■ **Supplied data**:
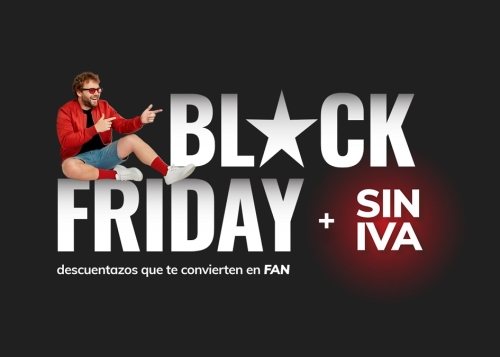 Descuentos potentísimos y el mejor servicio: estas ofertas de Black Friday en Mi Electro lo tienen todo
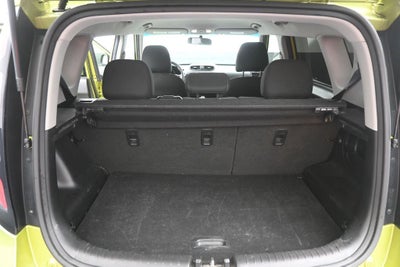 2018 Kia Soul Plus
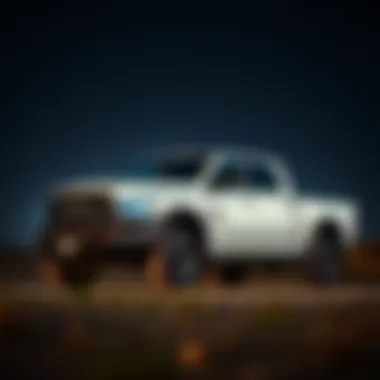 Notable Comprehensive Overview of Ram 2500 Power Wagon Specifications Notable Comprehensive Overview of Ram 2500 Power Wagon Specifications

■ **Assignment**: From the line that contains "2018 Kia Soul Plus" to the end of the material above, output every line exactly, both ends included, but leave out any pictures.

■ **Solution**:
 2018 Kia Soul Plus
 Notable Comprehensive Overview of Ram 2500 Power Wagon Specifications Notable Comprehensive Overview of Ram 2500 Power Wagon Specifications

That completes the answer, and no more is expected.